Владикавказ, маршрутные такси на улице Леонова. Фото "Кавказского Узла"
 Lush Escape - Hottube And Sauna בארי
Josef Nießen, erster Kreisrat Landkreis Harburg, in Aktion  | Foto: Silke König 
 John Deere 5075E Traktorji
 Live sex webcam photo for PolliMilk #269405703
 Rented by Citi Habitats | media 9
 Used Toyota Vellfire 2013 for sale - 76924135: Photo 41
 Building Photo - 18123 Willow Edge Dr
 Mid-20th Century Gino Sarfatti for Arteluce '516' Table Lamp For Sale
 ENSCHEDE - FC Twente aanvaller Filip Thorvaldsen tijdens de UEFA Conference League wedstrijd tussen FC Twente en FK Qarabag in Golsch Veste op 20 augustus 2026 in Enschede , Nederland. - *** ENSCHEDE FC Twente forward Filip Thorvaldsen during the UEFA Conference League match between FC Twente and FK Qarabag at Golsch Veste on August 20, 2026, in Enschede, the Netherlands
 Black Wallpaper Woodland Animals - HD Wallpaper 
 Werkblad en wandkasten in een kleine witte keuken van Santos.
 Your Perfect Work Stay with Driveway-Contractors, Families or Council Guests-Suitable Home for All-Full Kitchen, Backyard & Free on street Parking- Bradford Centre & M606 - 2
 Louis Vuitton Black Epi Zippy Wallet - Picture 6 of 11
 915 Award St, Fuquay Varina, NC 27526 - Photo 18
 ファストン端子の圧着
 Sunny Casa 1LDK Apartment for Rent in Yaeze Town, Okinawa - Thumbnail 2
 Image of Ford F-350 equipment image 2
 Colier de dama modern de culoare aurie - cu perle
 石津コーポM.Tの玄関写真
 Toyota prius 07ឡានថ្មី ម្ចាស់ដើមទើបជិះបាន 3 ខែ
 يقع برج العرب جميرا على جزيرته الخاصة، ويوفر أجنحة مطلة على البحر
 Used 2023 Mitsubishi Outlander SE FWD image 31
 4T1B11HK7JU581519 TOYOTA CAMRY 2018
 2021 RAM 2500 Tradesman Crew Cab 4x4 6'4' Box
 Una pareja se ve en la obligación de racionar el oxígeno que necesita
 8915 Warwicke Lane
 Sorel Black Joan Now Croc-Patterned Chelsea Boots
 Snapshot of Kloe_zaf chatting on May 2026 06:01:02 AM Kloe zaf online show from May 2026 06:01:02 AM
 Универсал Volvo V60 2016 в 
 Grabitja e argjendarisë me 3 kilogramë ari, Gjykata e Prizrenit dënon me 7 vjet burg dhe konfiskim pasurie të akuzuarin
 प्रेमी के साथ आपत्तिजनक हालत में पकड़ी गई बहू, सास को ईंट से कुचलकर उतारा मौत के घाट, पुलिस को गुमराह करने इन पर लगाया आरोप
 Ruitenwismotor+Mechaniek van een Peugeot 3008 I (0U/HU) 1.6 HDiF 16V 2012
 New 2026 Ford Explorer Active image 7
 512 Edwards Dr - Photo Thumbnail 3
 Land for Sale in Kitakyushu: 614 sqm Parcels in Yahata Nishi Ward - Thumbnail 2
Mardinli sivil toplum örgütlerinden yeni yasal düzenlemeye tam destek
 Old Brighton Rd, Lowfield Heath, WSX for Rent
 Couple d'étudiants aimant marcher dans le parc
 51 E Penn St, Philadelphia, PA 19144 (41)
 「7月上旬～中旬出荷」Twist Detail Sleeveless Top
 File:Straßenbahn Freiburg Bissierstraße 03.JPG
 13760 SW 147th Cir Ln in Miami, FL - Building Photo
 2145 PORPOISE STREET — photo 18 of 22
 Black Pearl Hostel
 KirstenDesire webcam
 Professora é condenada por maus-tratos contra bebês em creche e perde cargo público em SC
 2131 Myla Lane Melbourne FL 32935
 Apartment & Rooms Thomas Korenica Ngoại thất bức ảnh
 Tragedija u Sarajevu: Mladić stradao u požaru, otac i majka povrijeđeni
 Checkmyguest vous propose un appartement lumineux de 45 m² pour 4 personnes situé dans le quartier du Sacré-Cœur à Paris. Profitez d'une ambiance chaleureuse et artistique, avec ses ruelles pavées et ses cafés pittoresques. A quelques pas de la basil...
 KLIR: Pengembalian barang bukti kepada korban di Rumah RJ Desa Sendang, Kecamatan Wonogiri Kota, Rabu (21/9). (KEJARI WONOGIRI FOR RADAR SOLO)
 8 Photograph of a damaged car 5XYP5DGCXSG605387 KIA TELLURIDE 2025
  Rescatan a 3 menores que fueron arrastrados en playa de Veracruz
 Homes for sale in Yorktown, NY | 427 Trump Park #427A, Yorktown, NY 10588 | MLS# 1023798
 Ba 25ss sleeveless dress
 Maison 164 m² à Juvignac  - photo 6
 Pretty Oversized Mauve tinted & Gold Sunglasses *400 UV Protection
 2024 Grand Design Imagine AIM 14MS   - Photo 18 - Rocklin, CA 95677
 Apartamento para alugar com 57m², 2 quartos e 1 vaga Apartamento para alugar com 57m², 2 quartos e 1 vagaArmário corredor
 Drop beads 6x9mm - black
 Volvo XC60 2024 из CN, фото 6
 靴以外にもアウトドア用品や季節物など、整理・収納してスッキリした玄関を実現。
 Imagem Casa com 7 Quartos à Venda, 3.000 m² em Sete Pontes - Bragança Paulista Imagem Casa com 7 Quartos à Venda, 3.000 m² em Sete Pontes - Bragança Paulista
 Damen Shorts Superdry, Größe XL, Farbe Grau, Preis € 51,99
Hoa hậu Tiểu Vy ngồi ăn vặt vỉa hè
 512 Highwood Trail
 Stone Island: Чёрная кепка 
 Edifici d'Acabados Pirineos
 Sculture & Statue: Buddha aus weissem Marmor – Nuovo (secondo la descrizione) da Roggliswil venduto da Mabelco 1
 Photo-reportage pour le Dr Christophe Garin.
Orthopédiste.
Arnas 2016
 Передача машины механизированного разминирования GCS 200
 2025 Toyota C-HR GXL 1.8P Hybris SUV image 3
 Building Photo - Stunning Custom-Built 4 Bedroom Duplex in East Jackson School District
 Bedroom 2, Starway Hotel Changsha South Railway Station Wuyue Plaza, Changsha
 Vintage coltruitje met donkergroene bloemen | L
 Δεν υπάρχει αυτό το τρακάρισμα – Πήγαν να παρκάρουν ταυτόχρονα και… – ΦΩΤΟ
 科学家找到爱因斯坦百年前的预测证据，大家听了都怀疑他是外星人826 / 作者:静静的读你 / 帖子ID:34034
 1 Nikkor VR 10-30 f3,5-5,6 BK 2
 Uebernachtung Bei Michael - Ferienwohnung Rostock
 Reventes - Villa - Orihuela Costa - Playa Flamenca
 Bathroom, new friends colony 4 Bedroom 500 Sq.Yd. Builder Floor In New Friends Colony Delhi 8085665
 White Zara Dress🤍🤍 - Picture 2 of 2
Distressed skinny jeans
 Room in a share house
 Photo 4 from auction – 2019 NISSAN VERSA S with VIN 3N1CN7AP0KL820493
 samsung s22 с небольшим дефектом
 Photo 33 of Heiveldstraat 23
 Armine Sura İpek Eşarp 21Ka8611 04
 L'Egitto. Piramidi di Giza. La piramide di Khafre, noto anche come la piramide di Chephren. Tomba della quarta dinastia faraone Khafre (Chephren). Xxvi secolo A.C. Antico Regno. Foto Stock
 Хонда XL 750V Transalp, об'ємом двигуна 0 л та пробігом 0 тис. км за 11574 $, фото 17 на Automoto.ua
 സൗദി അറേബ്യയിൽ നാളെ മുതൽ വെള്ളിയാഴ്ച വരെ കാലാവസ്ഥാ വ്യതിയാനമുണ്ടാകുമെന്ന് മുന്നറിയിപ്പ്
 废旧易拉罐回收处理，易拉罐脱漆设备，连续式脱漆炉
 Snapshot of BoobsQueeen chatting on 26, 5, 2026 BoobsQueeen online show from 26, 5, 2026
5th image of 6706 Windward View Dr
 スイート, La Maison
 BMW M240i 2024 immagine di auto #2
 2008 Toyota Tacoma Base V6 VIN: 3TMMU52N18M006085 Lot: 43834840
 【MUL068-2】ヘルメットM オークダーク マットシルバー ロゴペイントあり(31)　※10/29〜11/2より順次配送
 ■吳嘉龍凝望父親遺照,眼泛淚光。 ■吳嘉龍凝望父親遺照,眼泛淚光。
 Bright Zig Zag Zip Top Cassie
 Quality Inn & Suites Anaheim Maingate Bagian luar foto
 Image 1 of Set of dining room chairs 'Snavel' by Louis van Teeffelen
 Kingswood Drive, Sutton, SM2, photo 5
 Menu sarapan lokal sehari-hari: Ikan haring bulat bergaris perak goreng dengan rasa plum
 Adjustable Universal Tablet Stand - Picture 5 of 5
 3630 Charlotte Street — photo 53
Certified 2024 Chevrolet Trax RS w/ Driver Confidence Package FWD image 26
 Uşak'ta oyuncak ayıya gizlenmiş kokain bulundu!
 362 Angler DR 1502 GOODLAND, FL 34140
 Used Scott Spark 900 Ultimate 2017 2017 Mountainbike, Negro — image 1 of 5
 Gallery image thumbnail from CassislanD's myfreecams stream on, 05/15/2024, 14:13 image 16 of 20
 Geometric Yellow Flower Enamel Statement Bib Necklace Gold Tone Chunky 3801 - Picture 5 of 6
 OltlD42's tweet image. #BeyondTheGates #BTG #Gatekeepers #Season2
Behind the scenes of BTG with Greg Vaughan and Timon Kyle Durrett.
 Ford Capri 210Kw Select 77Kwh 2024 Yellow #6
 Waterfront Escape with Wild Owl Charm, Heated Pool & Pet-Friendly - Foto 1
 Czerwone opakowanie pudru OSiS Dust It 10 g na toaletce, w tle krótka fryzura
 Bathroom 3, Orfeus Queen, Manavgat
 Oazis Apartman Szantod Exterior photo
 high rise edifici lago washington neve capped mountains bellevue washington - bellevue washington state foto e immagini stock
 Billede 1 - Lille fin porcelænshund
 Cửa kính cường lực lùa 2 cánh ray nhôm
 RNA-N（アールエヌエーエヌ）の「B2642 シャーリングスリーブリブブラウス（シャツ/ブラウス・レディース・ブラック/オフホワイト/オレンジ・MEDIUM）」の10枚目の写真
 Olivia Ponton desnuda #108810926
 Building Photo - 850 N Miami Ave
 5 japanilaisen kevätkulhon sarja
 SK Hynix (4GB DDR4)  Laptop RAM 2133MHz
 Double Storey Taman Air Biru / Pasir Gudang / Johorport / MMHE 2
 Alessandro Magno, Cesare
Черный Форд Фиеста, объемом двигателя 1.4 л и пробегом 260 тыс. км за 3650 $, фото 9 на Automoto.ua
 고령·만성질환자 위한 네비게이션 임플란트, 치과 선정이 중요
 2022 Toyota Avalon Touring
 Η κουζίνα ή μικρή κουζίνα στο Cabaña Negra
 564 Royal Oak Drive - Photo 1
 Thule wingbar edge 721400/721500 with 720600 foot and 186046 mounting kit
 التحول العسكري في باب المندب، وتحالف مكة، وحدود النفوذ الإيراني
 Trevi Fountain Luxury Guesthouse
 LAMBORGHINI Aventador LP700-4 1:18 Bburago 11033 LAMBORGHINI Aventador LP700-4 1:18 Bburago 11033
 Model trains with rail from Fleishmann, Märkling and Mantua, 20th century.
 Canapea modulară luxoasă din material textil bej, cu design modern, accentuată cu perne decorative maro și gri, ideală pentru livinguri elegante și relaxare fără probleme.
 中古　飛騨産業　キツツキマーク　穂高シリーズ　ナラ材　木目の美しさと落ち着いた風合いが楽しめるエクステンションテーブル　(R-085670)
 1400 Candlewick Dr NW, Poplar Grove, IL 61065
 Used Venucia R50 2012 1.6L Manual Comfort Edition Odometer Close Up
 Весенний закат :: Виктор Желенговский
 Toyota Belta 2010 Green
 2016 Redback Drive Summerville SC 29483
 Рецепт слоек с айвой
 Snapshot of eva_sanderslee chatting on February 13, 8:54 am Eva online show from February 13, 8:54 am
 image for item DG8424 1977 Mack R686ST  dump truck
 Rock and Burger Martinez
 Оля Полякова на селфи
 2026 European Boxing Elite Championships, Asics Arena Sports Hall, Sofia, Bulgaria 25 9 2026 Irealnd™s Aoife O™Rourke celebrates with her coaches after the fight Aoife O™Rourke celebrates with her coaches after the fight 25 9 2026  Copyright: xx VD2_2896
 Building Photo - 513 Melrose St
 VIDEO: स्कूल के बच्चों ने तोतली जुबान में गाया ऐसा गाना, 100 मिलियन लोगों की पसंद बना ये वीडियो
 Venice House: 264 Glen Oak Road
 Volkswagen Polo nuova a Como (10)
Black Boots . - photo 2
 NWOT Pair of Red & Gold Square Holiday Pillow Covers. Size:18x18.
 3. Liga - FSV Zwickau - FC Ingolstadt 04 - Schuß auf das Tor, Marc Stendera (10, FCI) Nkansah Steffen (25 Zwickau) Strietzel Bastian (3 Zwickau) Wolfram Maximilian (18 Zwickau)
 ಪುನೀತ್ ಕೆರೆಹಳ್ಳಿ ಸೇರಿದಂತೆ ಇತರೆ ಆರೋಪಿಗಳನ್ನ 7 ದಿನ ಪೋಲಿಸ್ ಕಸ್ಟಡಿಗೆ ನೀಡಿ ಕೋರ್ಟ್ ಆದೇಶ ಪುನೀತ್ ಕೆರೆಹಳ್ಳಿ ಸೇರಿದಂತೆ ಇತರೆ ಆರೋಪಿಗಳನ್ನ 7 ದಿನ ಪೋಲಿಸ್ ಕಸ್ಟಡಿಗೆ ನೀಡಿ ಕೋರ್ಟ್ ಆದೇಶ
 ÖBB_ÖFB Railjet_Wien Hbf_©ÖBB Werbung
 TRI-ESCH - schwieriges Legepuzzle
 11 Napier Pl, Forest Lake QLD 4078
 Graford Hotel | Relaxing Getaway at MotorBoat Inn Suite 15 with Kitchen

+++

Among the lines above, return those that hold the word "Lane".

### RESULT FOR THIS TASK:
 8915 Warwicke Lane
 2131 Myla Lane Melbourne FL 32935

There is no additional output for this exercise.